February 2

Hebrews 12:1-2 (NLT)
Jesus, our champion
​1 Therefore, since we are surrounded by such a huge crowd of witnesses to the life of faith, let us strip off every weight that slows us down, especially the sin that so easily trips us up. And let us run with endurance the race God has set before us. 2 We do this by keeping our eyes on Jesus, the champion who initiates and perfects our faith.* Because of the joy awaiting him, he endured the cross, disregarding its shame. Now he is seated in the place of honor beside God’s throne.

V1, Surrounded by such a great cloud of witnesses. The imagery suggests an athletic contest in a great amphitheater. The witnesses are the heroes of the past who have just been mentioned (ch. 11). They are not spectators but inspiring examples. The Greek word translated “witnesses” is the origin of the English word “martyr” and means “testifiers, witnesses.” They bear testimony to the power of faith and to God’s faithfulness. Run with endurance (perseverance). See Ac 20:24; 1Co 9:24–26; Gal 2:2; 5:7; Php 2:16; 2Ti 4:7. The Christian life is pictured as a long-distance race rather than a short sprint.

V1, We must bear in mind that Hebrews was written to people who were being persecuted. Because they had forsaken Judaism for Christ, they were facing bitter opposition. There was a danger that they might interpret their suffering as a sign of God’s displeasure. They might become discouraged and give up. Worst of all, they might be tempted to return to the temple and its ceremonies.

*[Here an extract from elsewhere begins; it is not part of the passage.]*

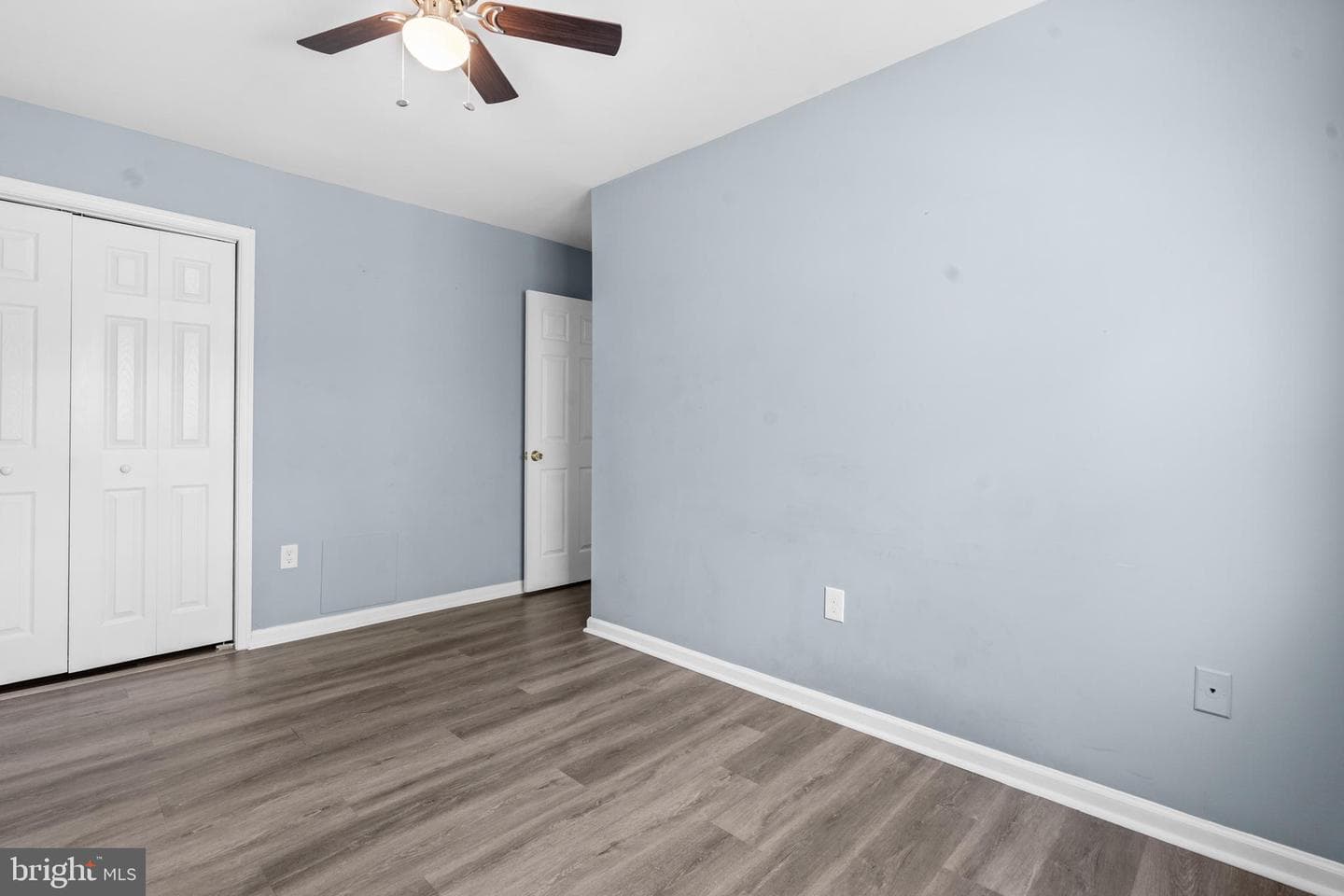 6392 Eighth Circle photo 20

They should not think that their sufferings were unique. Many of the witnesses described in chapter 11 suffered severely as a result of their loyalty to the Lord, yet they endured. If they maintained unflinching perseverance with their lesser privileges, how much more should we to whom the better things of Christianity have come.

The Christian life is a race that requires discipline and endurance. We must strip ourselves of everything that would impede us. Weights are things that may be harmless in themselves and yet hinder progress; they could include material possessions, family ties, the love of comfort, lack of mobility, etc. In the Olympic races, there is no rule against carrying a supply of food and beverage, but the runner would never win the race that way.

We must also lay aside … the sin which so easily ensnares us. This may mean sin in any form, but especially the sin of unbelief. We must have complete trust in the promises of God and complete confidence that the life of faith is sure to win.

We must guard against the notion that the race is an easy sprint, that everything in the Christian life is rosy. We must be prepared to press on with perseverance through any such trials and or temptations.

V2, Throughout the race, we should look away from every other object and keep our eyes riveted on Jesus, the foremost Runner. A. B. Bruce comments:
One stands out conspicuous above all the rest … the Man who first perfectly realized the idea of living by faith … , who undauntedly endured the bitter suffering of the cross, and despised the ignominy of it, sustained by a faith that so vividly realized coming joy and glory as to obliterate the consciousness of present pain and shame.

He is the author, or pioneer, of our faith in the sense that He has provided us with the only perfect example of what the life of faith is like.
He is also the finisher of our faith. He not only began the race but finished it triumphantly. For Him the race course stretched from heaven to Bethlehem, then on to Gethsemane and Calvary, then out of the tomb and back to heaven. At no time did He falter or turn back. He kept His eyes fixed on the coming glory when all the redeemed would be gathered with Him eternally. This enabled Him to think nothing of shame and to endure suffering and death. Today He is seated at the right hand of the throne of God.

Life Application

Have you recognized the “sin” that you tend to get entangled in? The area in your life where…you tend to fall back into old patterns or ways of thinking? Well, verse two shows us the remedy…keeping Jesus as our focal point. Can I encourage you to figure out how to do that and what that looks like to you.